*Exercise requirements:*
Only the lines from the one containing "Ông Nguyễn Xuân Phúc trở thành Chủ tịch nước" to the end of the material are to be copied, exactly and in full; images stay out.

*Supplied data:*
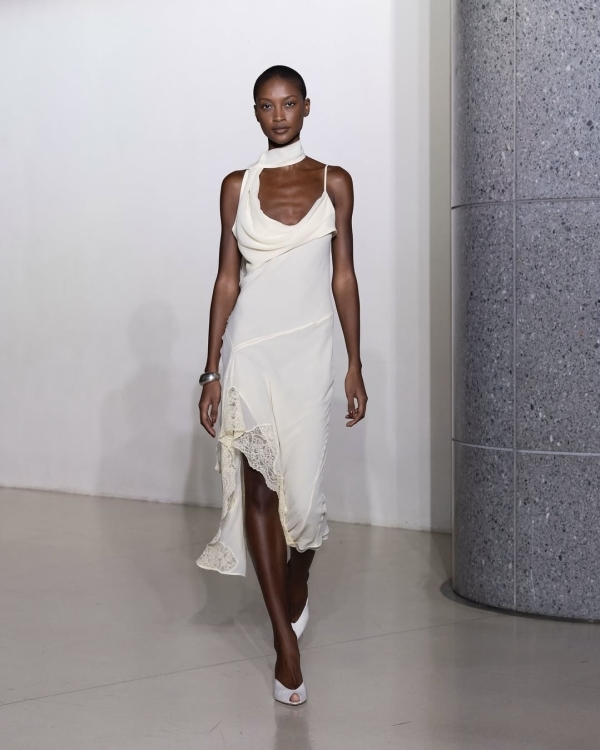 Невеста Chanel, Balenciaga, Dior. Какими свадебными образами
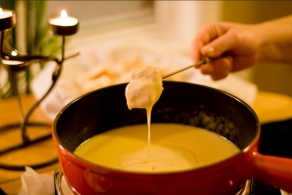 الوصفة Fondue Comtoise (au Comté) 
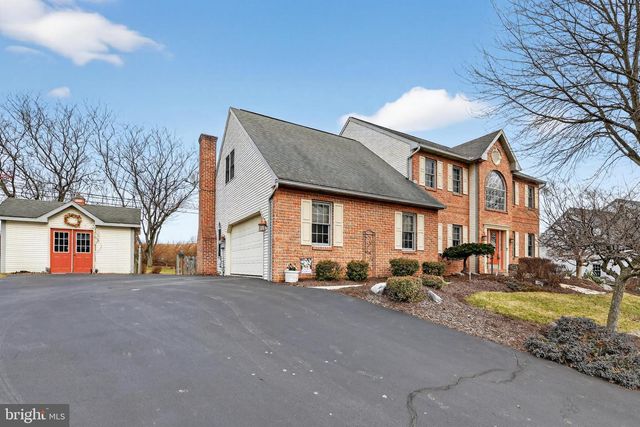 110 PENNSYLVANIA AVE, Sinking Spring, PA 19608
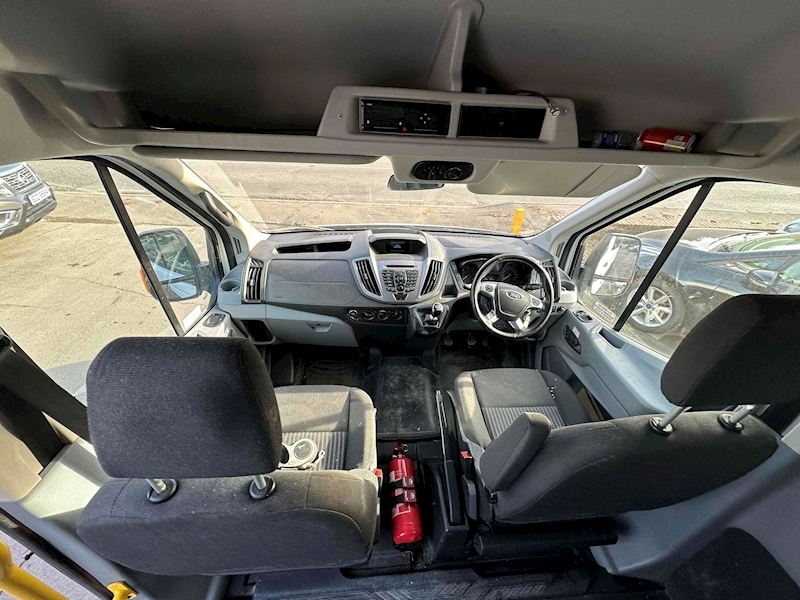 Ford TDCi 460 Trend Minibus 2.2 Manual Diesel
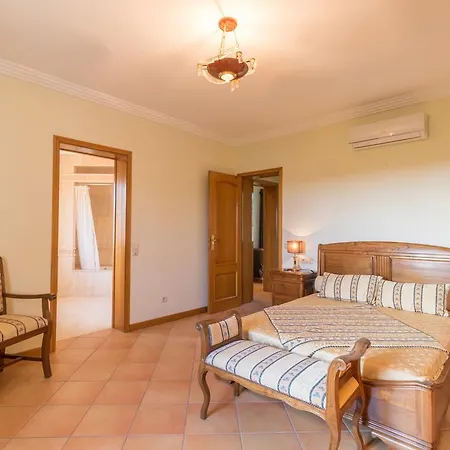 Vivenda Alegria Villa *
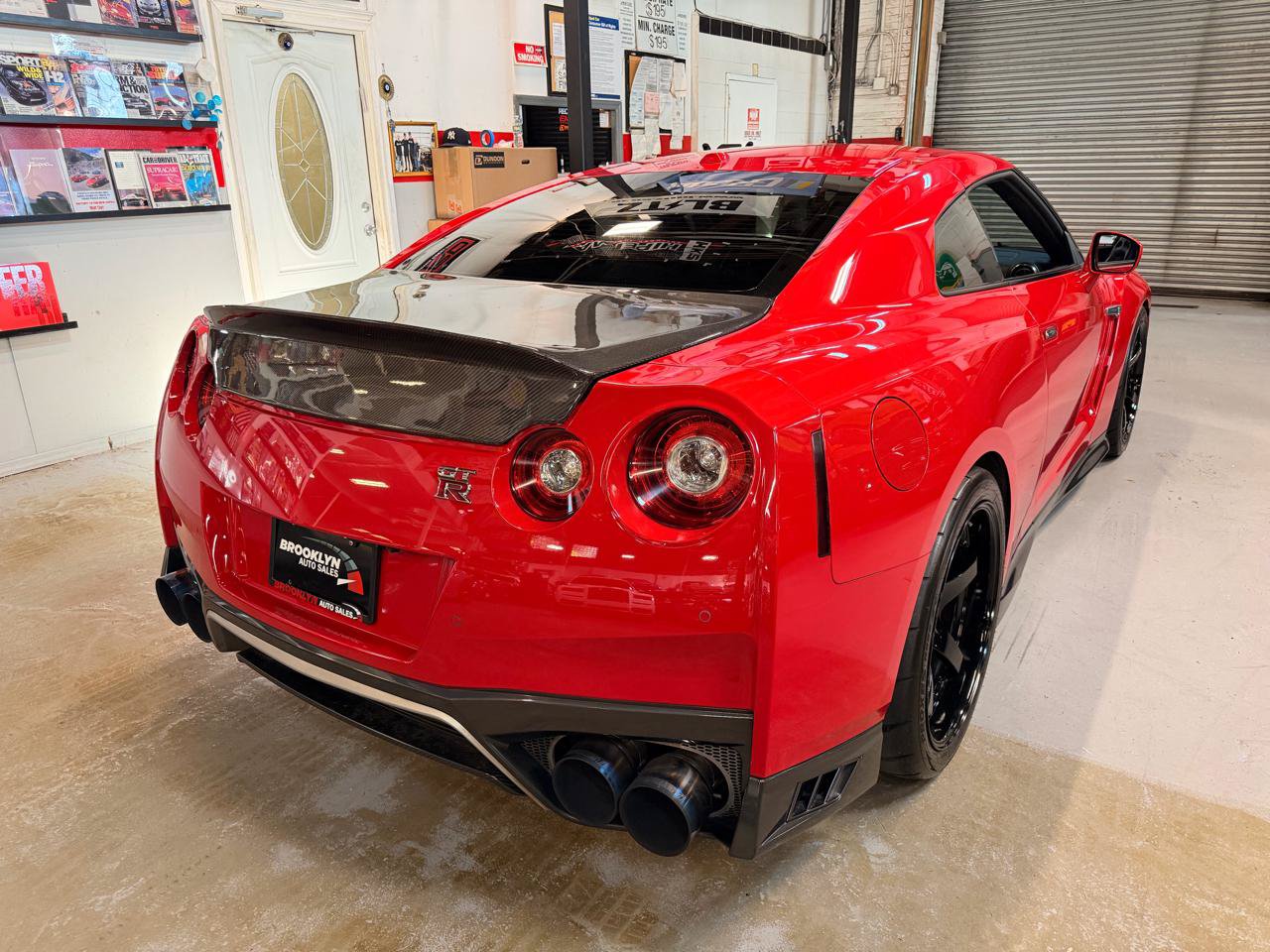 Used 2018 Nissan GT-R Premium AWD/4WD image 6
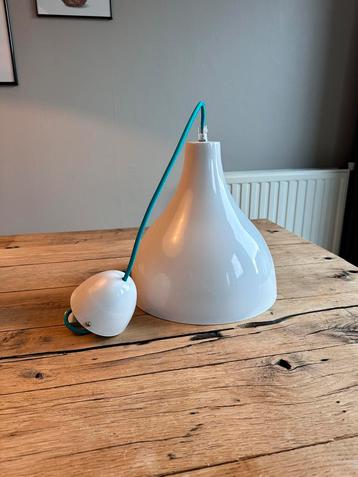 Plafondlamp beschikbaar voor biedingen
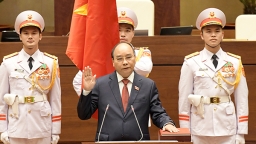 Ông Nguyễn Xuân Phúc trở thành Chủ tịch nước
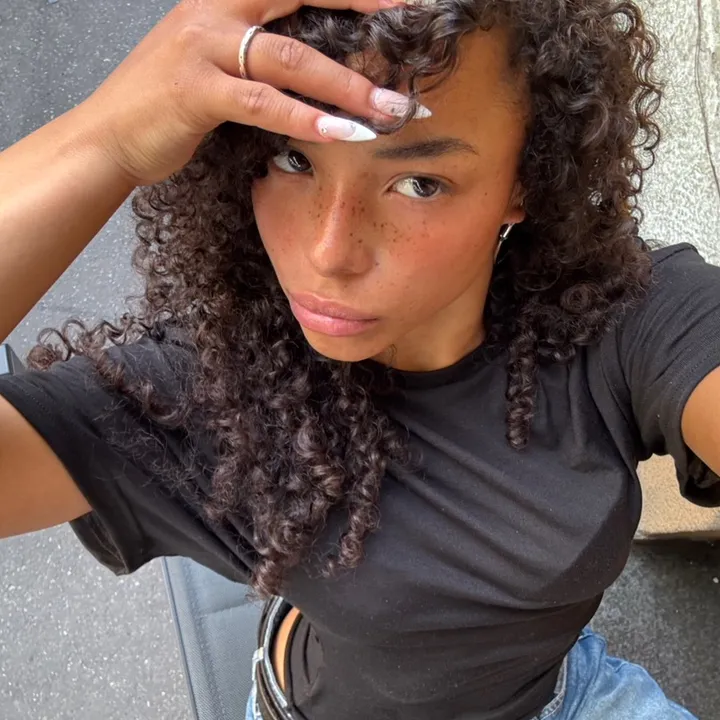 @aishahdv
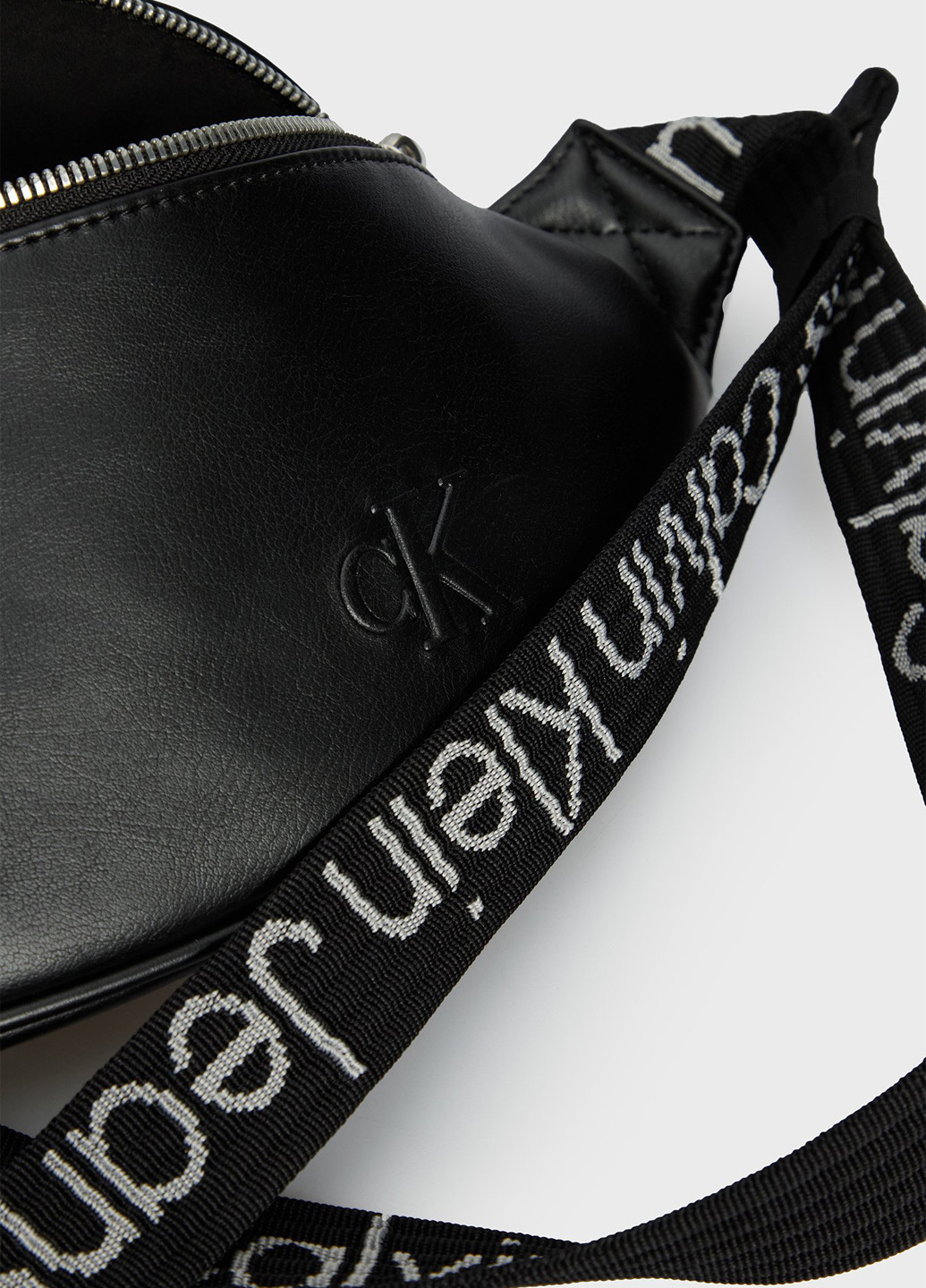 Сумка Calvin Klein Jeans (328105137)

*Answer below:*
 Ông Nguyễn Xuân Phúc trở thành Chủ tịch nước
 @aishahdv
 Сумка Calvin Klein Jeans (328105137)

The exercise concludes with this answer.